THE PROBLEM
The entries follow. Copy every line in which "that" appears.

[SUPPLIED ENTRIES — start]

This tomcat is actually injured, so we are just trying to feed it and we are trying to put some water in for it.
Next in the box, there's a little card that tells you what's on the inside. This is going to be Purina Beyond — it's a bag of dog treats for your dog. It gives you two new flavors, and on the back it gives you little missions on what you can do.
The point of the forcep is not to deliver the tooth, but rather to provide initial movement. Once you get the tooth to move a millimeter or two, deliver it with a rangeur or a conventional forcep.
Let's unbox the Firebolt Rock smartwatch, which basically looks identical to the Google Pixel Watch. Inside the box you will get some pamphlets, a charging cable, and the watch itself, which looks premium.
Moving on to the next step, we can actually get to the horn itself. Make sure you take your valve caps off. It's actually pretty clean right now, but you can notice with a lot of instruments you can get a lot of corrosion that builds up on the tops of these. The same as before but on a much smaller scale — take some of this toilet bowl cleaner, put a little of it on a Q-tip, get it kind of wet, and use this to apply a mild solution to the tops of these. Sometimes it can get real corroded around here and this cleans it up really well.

[SUPPLIED ENTRIES — finish]
[SUPPLIED ENTRIES — start]

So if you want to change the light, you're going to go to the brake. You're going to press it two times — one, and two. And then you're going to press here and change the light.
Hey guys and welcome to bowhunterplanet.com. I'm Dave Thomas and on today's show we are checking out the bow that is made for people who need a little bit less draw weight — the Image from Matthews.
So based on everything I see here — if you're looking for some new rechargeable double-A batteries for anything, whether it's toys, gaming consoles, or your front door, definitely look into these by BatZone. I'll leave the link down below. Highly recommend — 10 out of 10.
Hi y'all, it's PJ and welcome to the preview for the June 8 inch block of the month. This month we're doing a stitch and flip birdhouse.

[SUPPLIED ENTRIES — finish]

YOUR SOLUTION
Next in the box, there's a little card that tells you what's on the inside. This is going to be Purina Beyond — it's a bag of dog treats for your dog. It gives you two new flavors, and on the back it gives you little missions on what you can do.
Moving on to the next step, we can actually get to the horn itself. Make sure you take your valve caps off. It's actually pretty clean right now, but you can notice with a lot of instruments you can get a lot of corrosion that builds up on the tops of these. The same as before but on a much smaller scale — take some of this toilet bowl cleaner, put a little of it on a Q-tip, get it kind of wet, and use this to apply a mild solution to the tops of these. Sometimes it can get real corroded around here and this cleans it up really well.
Hey guys and welcome to bowhunterplanet.com. I'm Dave Thomas and on today's show we are checking out the bow that is made for people who need a little bit less draw weight — the Image from Matthews.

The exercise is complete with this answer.